Miners have reduced bitcoin sales, and 5 services store more than 50% of cryptocurrencies that were obtained illegally

Glassnode believes that “miners have reduced bitcoin sales, and investors are taking profits”

According to the research company Glassnode, miners have begun to accumulate reserves in bitcoins. Long-term investors, on the other hand, are trying to get rid of their assets in order to lock in profits.

The Glassnode report says that in January, miners were actively selling almost all of the mined BTC, however, in February, the volume of sales decreased significantly.
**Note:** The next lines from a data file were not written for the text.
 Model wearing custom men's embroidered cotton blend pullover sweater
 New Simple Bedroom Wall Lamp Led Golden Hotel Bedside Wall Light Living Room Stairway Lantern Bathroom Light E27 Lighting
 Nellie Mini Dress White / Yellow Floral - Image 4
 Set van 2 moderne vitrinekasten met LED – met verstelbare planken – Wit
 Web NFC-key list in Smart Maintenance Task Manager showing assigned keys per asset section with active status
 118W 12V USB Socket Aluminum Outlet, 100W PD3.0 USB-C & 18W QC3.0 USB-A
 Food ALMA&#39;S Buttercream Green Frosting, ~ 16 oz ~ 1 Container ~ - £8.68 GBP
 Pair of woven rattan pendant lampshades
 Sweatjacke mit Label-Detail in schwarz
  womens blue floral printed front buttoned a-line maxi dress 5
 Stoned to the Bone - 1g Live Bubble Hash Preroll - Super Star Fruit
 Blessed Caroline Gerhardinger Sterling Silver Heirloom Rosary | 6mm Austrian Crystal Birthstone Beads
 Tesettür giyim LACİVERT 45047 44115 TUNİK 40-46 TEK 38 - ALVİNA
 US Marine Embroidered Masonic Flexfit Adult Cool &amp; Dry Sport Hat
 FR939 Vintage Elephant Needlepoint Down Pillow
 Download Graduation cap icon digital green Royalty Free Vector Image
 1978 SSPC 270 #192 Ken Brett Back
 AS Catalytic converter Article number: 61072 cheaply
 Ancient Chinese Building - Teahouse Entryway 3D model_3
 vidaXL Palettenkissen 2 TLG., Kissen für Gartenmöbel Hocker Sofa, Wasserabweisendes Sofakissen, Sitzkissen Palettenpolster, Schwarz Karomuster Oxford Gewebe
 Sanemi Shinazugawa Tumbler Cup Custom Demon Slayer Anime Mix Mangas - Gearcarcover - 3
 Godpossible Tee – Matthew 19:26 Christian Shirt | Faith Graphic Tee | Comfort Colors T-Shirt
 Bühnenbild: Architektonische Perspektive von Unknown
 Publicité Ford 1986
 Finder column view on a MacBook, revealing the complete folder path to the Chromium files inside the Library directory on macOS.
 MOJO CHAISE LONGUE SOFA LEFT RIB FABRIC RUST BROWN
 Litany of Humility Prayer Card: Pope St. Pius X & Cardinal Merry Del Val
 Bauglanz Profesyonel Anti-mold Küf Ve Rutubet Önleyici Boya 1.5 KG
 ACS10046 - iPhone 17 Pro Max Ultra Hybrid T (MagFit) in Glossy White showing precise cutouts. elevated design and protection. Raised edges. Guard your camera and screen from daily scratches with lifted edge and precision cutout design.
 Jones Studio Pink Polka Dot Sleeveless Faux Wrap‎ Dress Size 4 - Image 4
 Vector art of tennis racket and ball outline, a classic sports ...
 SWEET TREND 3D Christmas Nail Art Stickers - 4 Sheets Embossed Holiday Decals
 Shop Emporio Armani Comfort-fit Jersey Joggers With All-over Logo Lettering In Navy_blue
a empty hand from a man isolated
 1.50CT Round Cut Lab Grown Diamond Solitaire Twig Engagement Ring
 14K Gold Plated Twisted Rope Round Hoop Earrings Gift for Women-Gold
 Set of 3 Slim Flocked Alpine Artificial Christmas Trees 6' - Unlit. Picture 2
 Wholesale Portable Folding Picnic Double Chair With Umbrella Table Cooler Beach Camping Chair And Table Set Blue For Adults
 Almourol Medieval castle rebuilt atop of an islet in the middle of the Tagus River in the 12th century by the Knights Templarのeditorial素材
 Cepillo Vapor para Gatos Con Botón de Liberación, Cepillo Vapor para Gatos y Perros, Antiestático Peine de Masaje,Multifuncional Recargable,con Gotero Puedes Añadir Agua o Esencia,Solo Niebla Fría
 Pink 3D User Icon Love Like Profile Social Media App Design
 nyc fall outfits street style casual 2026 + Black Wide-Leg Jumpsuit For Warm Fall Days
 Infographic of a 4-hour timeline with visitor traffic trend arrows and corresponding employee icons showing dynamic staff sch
This could mean that miners are hoping for an increase in the value of bitcoin.

“This suggests that miners have either completed adequate sales to cover costs, or could also mean they see Tesla’s vote of confidence as fair reason to keep a strong grip on their treasuries,” analysts say.

Analysts: 5 services store more than 50% of cryptocurrencies that were obtained illegally

Chainalysis experts concluded that 55% of digital currencies that were obtained fraudulently or with the help of ransomware viruses are laundered through just 5 services. These services use about 270 unique deposit addresses.

Analysts believe that the largest processors of illegally obtained crypto coins receive about $25 million a year. Serving such illegal transactions may be their main activity.

Experts believe that suppressing the illegal activities of such deposit addresses will help shut down most of the infrastructure that now exists for laundering crypto assets.